Les idées sont motivantes quand elles sont accompagnées de représentations attrayantes.
Tout commence par une idée. Pour la plupart des gens il n’est pas difficile de s’imaginer comment ils pourraient mieux agencer leur vie. Ceci est un bon début car, comme le remarquait D.H. Thoreaudans la citation ci-dessus, tout commence par l’imagination. Ce que vous ne pouvez pas d’abord vous imaginer, vous ne pouvez certainement pas le faire. Mais aussi longtemps que vous ne faites rien avec une idée, cette idée reste un rêve. Rêver c’est bien, mais pour atteindre vraiment quelque chose, vous devez faire de votre rêve un projet : un objectif concret avec des étapes concrètes pour réaliser votre rêve. Pour être heureux, vous avez besoin d’une stratégie.

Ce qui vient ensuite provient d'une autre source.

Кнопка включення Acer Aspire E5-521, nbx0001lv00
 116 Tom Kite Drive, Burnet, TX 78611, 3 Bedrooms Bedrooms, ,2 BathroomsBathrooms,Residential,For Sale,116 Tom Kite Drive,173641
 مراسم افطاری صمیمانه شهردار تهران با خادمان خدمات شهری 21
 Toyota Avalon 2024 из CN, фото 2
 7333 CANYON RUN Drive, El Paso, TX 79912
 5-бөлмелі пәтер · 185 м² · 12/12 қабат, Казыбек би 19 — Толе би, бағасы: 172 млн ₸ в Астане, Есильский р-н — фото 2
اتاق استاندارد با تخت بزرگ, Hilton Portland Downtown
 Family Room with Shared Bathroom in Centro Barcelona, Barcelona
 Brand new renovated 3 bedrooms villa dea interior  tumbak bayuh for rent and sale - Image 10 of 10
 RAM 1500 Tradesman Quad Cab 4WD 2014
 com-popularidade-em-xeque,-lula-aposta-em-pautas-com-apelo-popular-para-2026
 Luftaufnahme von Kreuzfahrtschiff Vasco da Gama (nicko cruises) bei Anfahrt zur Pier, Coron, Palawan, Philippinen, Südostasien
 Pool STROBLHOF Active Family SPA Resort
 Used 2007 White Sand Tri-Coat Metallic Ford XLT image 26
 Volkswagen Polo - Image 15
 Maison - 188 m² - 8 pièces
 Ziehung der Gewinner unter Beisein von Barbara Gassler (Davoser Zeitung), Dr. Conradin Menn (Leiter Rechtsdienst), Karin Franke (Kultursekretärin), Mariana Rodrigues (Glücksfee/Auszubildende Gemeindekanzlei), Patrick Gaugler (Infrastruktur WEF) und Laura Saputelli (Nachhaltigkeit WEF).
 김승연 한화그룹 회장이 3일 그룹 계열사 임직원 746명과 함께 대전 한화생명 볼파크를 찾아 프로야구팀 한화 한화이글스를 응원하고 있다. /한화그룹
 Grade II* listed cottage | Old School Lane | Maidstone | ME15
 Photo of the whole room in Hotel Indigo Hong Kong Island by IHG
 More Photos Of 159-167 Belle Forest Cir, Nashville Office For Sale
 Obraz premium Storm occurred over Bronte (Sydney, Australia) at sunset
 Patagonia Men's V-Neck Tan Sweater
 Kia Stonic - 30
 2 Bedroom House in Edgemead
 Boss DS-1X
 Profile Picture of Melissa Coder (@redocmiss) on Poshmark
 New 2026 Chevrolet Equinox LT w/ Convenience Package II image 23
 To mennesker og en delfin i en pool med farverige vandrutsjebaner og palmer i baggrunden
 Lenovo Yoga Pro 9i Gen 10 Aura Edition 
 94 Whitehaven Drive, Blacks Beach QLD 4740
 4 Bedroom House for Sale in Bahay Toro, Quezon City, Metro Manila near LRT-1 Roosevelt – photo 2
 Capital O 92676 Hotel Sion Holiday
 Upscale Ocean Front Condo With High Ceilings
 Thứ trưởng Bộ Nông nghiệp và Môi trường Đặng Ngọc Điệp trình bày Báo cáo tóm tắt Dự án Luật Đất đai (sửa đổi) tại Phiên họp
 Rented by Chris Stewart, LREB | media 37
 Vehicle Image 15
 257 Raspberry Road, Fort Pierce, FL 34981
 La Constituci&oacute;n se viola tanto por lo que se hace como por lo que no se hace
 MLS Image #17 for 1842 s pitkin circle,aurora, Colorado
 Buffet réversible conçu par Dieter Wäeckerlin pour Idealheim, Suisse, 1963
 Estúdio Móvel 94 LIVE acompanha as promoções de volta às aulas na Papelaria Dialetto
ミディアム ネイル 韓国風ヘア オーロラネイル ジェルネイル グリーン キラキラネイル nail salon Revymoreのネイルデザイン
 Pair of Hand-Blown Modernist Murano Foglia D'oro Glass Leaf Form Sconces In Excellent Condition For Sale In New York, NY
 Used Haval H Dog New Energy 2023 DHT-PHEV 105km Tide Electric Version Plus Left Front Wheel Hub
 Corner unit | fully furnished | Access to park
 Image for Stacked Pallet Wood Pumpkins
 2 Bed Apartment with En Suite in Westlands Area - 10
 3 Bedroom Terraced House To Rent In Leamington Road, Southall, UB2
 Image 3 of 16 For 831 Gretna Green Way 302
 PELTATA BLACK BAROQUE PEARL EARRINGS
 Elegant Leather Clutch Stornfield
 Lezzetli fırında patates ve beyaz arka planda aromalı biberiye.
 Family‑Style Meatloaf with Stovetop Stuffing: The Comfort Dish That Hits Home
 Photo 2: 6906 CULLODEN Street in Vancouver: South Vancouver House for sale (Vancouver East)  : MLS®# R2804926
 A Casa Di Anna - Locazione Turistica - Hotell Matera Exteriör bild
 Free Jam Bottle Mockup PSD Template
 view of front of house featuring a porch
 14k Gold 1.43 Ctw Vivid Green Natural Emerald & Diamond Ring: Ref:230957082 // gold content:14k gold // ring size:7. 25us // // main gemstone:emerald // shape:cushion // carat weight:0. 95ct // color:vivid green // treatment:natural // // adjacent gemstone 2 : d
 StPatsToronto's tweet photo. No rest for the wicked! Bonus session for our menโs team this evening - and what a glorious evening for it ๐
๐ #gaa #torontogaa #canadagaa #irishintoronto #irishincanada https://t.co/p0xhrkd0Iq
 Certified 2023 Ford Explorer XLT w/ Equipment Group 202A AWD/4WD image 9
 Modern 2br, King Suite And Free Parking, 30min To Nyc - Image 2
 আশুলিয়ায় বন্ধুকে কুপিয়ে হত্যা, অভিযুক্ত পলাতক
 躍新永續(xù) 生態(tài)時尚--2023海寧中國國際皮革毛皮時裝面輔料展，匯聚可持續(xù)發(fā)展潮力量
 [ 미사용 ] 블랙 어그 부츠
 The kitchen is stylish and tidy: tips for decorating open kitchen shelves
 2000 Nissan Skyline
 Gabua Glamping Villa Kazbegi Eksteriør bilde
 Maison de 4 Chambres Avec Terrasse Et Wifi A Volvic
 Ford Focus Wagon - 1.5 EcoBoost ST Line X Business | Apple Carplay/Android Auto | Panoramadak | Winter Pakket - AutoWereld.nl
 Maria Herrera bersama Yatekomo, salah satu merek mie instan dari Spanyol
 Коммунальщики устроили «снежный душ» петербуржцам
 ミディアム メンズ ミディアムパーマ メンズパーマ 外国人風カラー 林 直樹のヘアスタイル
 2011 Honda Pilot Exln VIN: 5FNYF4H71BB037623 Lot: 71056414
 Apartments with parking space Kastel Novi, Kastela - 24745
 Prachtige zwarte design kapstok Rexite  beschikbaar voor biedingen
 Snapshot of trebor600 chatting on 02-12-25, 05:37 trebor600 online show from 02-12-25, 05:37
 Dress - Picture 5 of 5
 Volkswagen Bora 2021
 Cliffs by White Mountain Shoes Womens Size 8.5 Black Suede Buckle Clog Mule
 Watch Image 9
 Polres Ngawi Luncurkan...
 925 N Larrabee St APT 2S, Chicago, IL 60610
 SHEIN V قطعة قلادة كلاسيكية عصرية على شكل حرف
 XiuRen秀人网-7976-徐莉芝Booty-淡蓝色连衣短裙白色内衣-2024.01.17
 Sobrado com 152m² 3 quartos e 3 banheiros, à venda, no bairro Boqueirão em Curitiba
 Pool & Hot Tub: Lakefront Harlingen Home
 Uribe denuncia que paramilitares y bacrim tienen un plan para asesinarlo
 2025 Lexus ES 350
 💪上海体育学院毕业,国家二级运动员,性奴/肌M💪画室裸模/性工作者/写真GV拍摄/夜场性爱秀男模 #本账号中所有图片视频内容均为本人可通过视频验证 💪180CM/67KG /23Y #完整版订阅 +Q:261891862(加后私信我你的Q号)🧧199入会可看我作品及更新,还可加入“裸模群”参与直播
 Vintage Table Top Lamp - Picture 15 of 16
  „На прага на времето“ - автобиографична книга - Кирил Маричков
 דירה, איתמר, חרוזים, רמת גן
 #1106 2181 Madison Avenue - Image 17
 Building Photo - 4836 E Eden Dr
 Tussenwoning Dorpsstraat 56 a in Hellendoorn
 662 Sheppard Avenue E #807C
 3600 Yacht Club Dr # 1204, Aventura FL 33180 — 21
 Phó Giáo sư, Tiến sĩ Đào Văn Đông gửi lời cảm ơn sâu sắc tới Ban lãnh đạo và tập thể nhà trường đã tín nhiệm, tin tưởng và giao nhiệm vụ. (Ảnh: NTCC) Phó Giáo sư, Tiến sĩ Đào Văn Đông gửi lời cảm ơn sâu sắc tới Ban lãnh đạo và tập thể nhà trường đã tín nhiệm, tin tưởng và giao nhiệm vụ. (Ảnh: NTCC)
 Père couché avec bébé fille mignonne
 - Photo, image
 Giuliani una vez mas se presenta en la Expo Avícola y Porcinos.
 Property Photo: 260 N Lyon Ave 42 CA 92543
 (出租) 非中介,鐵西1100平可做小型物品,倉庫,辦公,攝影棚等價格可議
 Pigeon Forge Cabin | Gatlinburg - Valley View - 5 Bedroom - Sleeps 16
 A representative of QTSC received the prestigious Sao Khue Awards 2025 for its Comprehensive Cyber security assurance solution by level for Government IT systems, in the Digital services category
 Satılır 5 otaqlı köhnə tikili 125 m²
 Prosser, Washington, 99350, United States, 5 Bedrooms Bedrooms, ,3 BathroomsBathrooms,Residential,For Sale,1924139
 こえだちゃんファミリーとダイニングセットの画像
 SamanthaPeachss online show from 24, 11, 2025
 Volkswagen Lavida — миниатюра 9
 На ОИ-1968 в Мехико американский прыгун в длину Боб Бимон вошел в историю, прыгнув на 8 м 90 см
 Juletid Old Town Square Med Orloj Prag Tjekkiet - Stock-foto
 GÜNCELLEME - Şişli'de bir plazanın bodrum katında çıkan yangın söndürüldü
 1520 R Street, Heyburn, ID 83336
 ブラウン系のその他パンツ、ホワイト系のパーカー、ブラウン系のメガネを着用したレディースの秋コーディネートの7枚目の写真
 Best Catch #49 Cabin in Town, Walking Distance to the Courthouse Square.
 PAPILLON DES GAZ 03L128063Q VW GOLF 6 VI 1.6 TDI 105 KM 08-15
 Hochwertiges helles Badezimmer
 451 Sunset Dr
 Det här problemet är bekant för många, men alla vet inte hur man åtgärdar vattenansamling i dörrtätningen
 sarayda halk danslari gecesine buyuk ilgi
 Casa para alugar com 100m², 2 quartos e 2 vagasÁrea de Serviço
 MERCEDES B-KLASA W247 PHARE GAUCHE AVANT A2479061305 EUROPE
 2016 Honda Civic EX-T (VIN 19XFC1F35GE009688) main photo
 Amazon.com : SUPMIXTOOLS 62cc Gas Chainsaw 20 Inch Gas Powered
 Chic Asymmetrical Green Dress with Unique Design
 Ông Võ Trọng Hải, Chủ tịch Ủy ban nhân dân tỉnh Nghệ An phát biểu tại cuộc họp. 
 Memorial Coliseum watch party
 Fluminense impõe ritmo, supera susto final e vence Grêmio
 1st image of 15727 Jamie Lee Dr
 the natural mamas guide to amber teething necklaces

Chapitre 3: Petite anatomie du Bonheur
Ce n’est pas parce que la vie est bonne que nous l’aimons, c’est parce que nous l’aimons qu’elle nous semble bonne. ANDRÉ COMTE-SPONVILLE
Si vous estimez que ce qui vous arrive, n’est pas du bonheur, cela ne signifie pas que ce n’est pas du bonheur que cela vous arrive. THOMAS D’ANSEMBOURG
Souvent, nous nous tournons vers Dieu parce que nous sommes secoués par la vie, pour découvrir que c’est Dieu qui nous a secoués. ANONIEM
Un samouraï nommé Nobushige vint voir le maître zen Hakuin et lui demanda: « Y a-t-il vraiment un paradis et un enfer? » « Qui es-tu? » demanda Hakuin. « Je suis un samouraï ! » répondit Nobushige. « Toi, un guerrier ! » s’écria Hakuin. « Quel maître aimerait vous avoir comme protecteur? Ton visage ressemble à celui d’un mendiant. » Nobushige en était tellement en colère qu’il commença à tirer son sabre. « Ah, s’exclama Hakuin, tu as un sabre ! Je jure qu’il est même trop émoussé pour me couper la tête. » Et lorsque Nobushige commença à tirer son sabre, Hakuin lui fit la remarque: « Ici les portes de l’enfer s’ouvrent ! » Le samouraï entendit ces paroles et fut frappé par la sérénité du maître. Alors, honteux, il repoussa son sabre dans la gaine et s’inclina. Sur ce, Hakuin lui dit : « Ici les portes du paradis s’ouvrent ». CONTE BOEDDHISTE
Le mot « anatomie » signifie analyse ou dissection. L’anatomie de l’être humain décrit les structures, les tissues et les organes du corps humain. Dans ce chapitre nous ferons la dissection de la souffrance et du bonheur et nous analyserons les composants de ces concepts. Nous traiterons la « Stratégie du Bonheur » comme une carte avec laquelle nous pouvons nous orienter dans la complexité de nous-mêmes et de la vie afin de parvenir à une vie plus heureuse. Celui qui, dans une ville, cherche à se retrouver sans carte risque de souvent s’égarer. Même une carte très simple, peut considérablement faciliter les choses. En effet, la vie est bien trop courte pour pouvoir commettre toutes les fautes soi-même. Mais ceux qui préfèrent déambuler sans carte et apprendre de leur propres expériences, en auront bien entendu largement l’occasion!